__Work instructions__: Copy the lines below word for word, skipping any image.

** Dataset records follows **

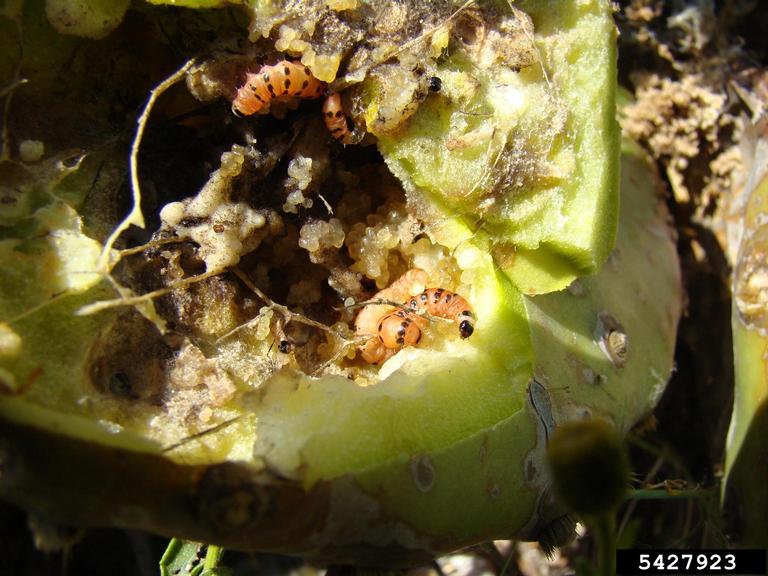 cactus moth (Cactoblastis cactorum)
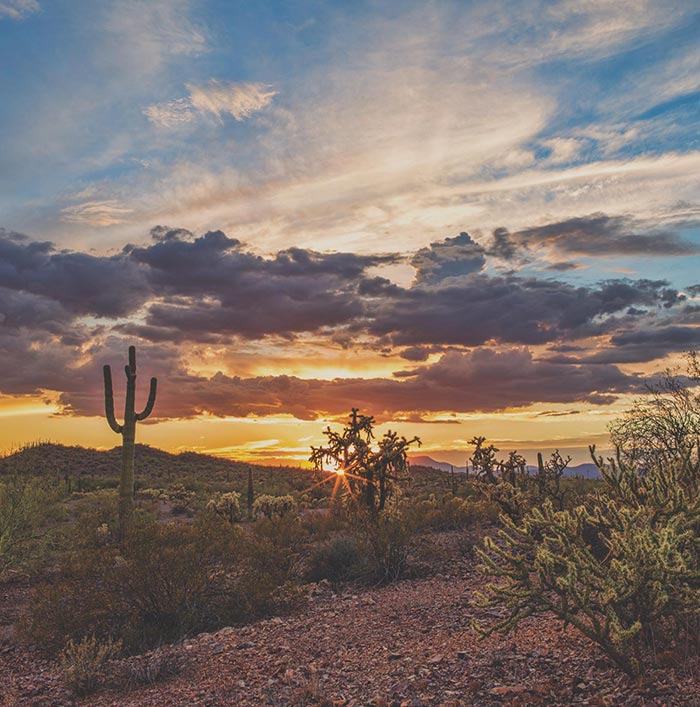 Sunset overlooking a desert field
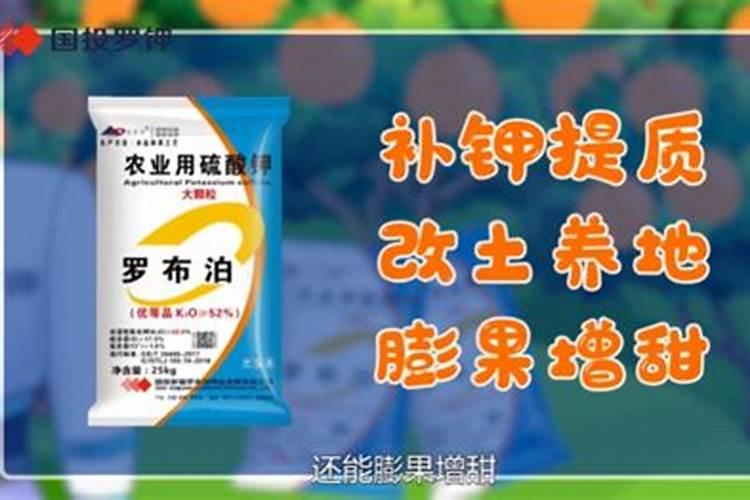 砂糖橘高产种植方法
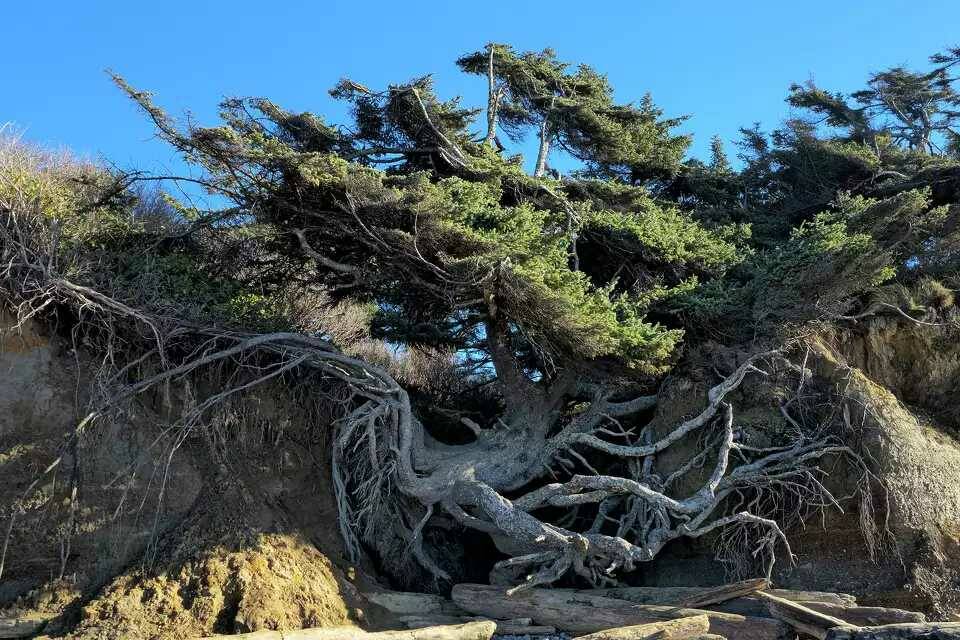 Sandtastic Travels
Travelers used to be able to stand directly underneath the tree, but recent storms have caused it to collapse into the cavern below.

** End of Dataset records **

__Output for this exercise__:
 cactus moth (Cactoblastis cactorum)
 Sunset overlooking a desert field
 砂糖橘高产种植方法
 Sandtastic Travels
Travelers used to be able to stand directly underneath the tree, but recent storms have caused it to collapse into the cavern below.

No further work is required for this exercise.